Parameter Example Tolerance Allowed Variation
Powder Weight 4.0 gr. ±0.1 gr. 5%
COL 1.200″ ±0.005″ 0.833%
Crimp 0.469″ ±0.002″ 0.853%
Bullet Wt 200 gr. ±0.05 to ±0.5 .05% to 0.5%

These tolerances need to be much tighter to achieve reliable and accurate operation. But some “tolerance” must still be allowed because of variations during the reloading process.

By “variations during the reloading process,” I mean of course that things happen during reloading and that not every round is going to be exactly the same.

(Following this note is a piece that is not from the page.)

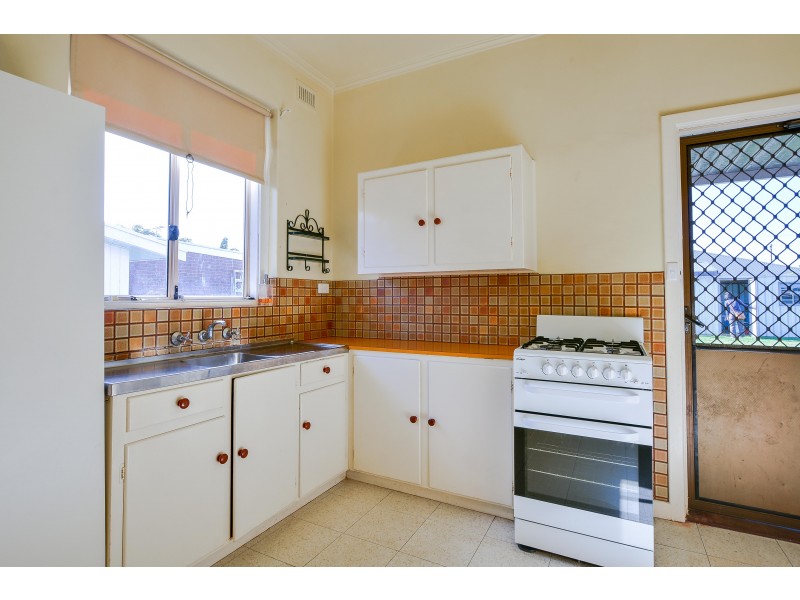 14 Riesling Avenue, Glengowrie SA 5044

One source of variation, as we’ve already noted, is the allowable variation in powder drop. With that parameter, we’re pretty much at the limit of what our tools can measure and while we trust (!) that the reloading equipment’s powder drop is close to the same for each round, I’m sure we all realize that the number of physical particles of Clays or WST or whatever you might be using isn’t going to be exactly the same each time.

But for powder weight, it doesn’t appear that the allowed 5% variation is a problem. We might say that the tolerance on the powder drop is comparatively loose.

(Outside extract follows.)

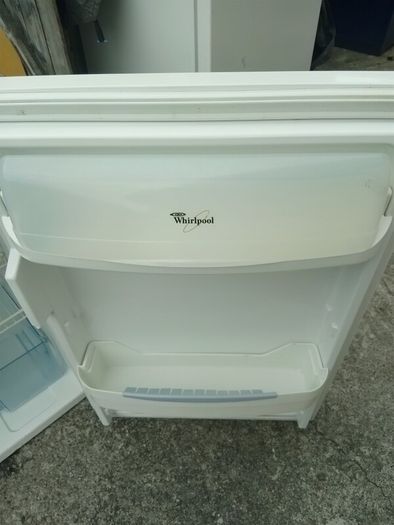 whirlpool fridge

For the remaining parameters, however, that’s won’t be the case.

For COL and crimp and bullet weight, we need much tighter control.

And while our measuring instruments give us the ability to measure things more closely — for bullet weight we will have 3-4 significant digits instead of just 2 which will improve our precision 10-100x — we don’t measure every round.

There will always be some round-to-round variations.

One source of variation is the occasional boo-boo that, while caught and removed, may still contribute some error to the remaining rounds on the reloading machine’s head.

Consider, for example, what happens in the machine — I have a Dillon 650 — when there are five rounds in the reloading ring versus only one.

When the ring comes up and the shells enter the various dies, there is a very small amount of “play” that has to be in the ring to permit it to rotate on the down stroke. That “play” has no effect when the ring has five shells because all five are engaged and the force on the ring is balanced around the ring. The ring is pressed downward equally at all five points and it remains perfectly horizontal.

But consider the forces if you take the extreme case of removing four of those shells and have only the one that’s going to set the COL in place. When that round is raised and pressed into the die, the only force being exerted is at that one place in the index ring. The “play” that must be present in the index ring’s central bolt will then allow the ring to tilt down and away from the die ever so slightly. That particular round will, therefore, be a smidgin’ longer.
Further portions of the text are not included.